Port of Puffins and Star Wars
By Anita Rao-kashi | Published: 27th January 2018 10:00 PM |
In the Southwestern coast of Ireland, the road snakes through undulating landscape, skirting grassy mounds, lush green hillocks and dewy meadows speckled with cows. The sea presents occasional glimpses, from between valleys and stunning vantage points. But every once in a while, the road dips sharply and sweeps into a little seaside village straight out of a picture book. Portmagee in the Iveragh peninsula is one such place.
As much as it is achingly beautiful, Portmagee also seems so tiny that it appears to end even before it begins. In fact, the main road lined with lovely little houses and buildings on one side and the harbour on the other, is pretty much all there is to Portmagee, though a closer look will reveal a few parallel streets and some houses scattered a bit further on. However, it is the main road that is where all the action is in the village. A walk up and down the street is unlikely to take much time but what it lacks in quantity, it amply makes up in quality.
Towards the top end of the street is a bright red building, which houses a 25-year-old boutique hotel with charming rooms providing panoramic views of the harbour, the sea and Valentia Island located just across the water. On either side sit buildings in bright pink, yellow, buttery cream and blue, making a rather striking picture. There’s a restaurant, a souvenir shop, and a café, with windows dressed in lovely curtains and pots of colourful flowers. It all seems far too idyllic, like something out of a movie set for a feel-good romantic movie.
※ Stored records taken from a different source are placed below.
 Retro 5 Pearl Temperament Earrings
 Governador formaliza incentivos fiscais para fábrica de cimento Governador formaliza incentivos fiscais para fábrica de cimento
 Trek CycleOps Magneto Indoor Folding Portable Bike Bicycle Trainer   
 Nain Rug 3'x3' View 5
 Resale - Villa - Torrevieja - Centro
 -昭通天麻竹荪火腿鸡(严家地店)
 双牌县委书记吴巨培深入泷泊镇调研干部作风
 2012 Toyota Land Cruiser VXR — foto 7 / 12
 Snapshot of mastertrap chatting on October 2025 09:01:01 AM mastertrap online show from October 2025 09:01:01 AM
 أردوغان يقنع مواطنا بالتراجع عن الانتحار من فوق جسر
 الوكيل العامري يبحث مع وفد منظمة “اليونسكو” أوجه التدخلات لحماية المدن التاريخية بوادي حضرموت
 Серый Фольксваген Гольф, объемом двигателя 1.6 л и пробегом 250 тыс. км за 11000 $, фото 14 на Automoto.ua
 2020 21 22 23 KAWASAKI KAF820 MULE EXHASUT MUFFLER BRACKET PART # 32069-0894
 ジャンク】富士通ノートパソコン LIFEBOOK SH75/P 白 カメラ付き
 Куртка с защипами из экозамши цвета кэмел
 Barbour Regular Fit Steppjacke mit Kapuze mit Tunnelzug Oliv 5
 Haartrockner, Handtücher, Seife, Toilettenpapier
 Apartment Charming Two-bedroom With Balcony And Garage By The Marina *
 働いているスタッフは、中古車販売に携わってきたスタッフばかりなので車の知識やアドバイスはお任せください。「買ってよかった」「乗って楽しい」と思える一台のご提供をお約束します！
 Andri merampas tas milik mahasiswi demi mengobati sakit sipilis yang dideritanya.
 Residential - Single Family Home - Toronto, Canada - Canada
The picture is rather difficult to reconcile with the fact that it is named after Captain Theobald Magee, a notorious 18th century smuggler who made his fortune through smuggling liquor, tobacco, tea and textiles. He died under suspicious circumstances but that didn’t deter his widow and sons from continuing with the family business.
As much as Portmagee’s history is colourful, it occupies a rather important position. It is the main stop on the famous Wild Atlantic Way—a 2500-km diving route hugging Ireland’s west coast. It is the starting point for the trip to Skellig Michael, a tiny, rugged and almost hostile island, which is home to an Augustine Christian monastic settlement built between the sixth and eighth centuries. Built across the steep sides of rocky island, the settlement can be reached by a set of 600 stone steps.
Still visible today are a plethora of ruined structures, including living quarters, storerooms, a chapel and a graveyard. The location was chosen because of its inaccessibility and to withstand Viking attacks. The whole place was abandoned in the 12th century and is home to colonies of puffins. More importantly, it has served as a location for scenes from the latest movie, Star Wars: The Last Jedi, which has shot it into prominence all over again.
However, trips to the island are heavily restricted and predicated by weather. If weather is unsuitable for Skellig Michael, a visit to the Kerry Bog Village Museum in Glenbeigh (45 km) might be an alternative. Entering it might seem like stepping back in time as the model village is designed to depict life in the 18th century Ireland. This part of Ireland has plenty of bogs—wetland that accumulates peat, which is a good source of fuel, and village life revolved around it.
The museum has recreated this aspect as an educational tool, and it is fascinating to learn how people lived and worked. There are recreated thatched houses, one of them was even transported from an original village. There’s also demonstration of how peat is extracted, and various farm implements are on display. Adding a rather lovely touch to the place is the presence of actual bog ponies in a huge meadow and Irish wolfhounds, both essential to village and farm life.
Fascinating as the village is, it is also a relief to step back into reality and head back to Portmagee for the evening for another spectacular sight. As the sun begins to set, it bathes everything in golden orange and Portmagee looks almost ethereal. As last impressions go, that’s quite a striking one.
Factfile Portmagee is on Ireland’s
Southwest Coast in County Kerry, about 160 km west of Cork. How to reach: Fly to Cork via transit in Europe or London. Take a bus or hire a car for the three-hour scenic drive to Portmagee. Where to go: Skellig Michael—a tiny, rugged and almost hostile island, and Kerry Bog Village Museum in Glenbeigh.